The US trade deficit narrowed in March for the first time in seven months as exports reached the highest level on record. The drop in the trade gap could point to higher growth in the first quarter than previously expected.
China's exports rebounded in April and its politically sensitive monthly trade surplus with the United States grew for the first time in five months as Beijing and Washington haggled over the chronic imbalance.
US officials visited Beijing last week for talks on cooling rising tensions between the world's two largest economies over trade and technology issues. Those meetings appeared to make scant progress, but further discussions are scheduled to resume next week.
China's Foreign Ministry said that a planned visit by President Xi Jinping's top economic adviser, Liu He, to Washington next week shows the US hopes to "reach a consensus" with Beijing on trade and economic issues.
"It is a positive signal," ministry spokesman Geng Shuang told reporters.
White House press secretary Sarah Huckabee Sanders announced the plan for continued talks on Monday.
"We are working on something that we think will be great for everybody," she told reporters.
The data released by China on Tuesday showed its trade surplus with the US totaled $80.4 billion in January-April, up from $50 billion in the same period last year.
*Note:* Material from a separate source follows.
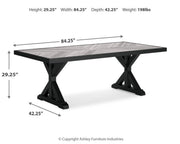 Beachcroft Outdoor Dining Table and 6 Chairs in Black/Light Gray - PKG021235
President Donald Trump's demands that China slash its surplus with the US have become a cornerstone of his combative economic policy.
In April, the trade surplus with the US swelled to $22.2 billion, up from $15.4 in March and the first increase since November, as exports to the US grew at a double-digit pace.
China's total exports jumped 21.5 percent in April from the same month the year before, bouncing back from a contraction the previous month thanks to resurgent global demand.
Imports expanded 12.9 percent year-on-year in dollar terms, leaving the country's global trade surplus for the month at $28.8 billion, a turnaround from a $5 billion deficit the month before.
Pork imports impasse
China has ramped up inspections of pork shipped from the US, importers and industry sources said, the latest American product to be hit by a potentially costly slowdown at Chinese ports in the past couple of weeks.
Most of the imported pork is frozen and not at risk of perishing. But the move comes on top of the additional 25 percent duties Beijing slapped on American pork and a slew of other goods last month, in retaliation for US tariffs on steel and aluminium imports.
The United States is one of China's top overseas pork suppliers, shipping $489 million worth of the meat last year.
Some trade experts said they believe Beijing is sending a defiant warning to Washington in response to sweeping US trade demands made on China last week.
Among the list of hard-line demands that Trump's delegation handed China last week was an ultimatum to cut $200 billion from its annual trade surplus with the US by 2020. Last year's merchandise trade surplus totaled $375 billion, according to US data, while Chinese statistics put it at about $276 billion.
The widening surplus "reflects the difficulty of closing the trade gap between the two countries in the near term, but it is unlikely to obstruct the constructive progress made recently" in negotiations between Washington and Beijing, ANZ Bank's senior China economist, Betty Wang, said in a research note. The high-level meetings are "constructive moves in the right direction" to resolve the tensions, she said.
After last week's meeting, China's Commerce Ministry said the two sides had agreed to establish a mechanism to try to resolve their dispute, though differences remained.
Trump has threatened to hike tariffs on $150 billion in Chinese imports. China's communist leaders have countered by outlining $50 billion in US goods that they would target with retaliatory duties on goods including aircraft and soybeans.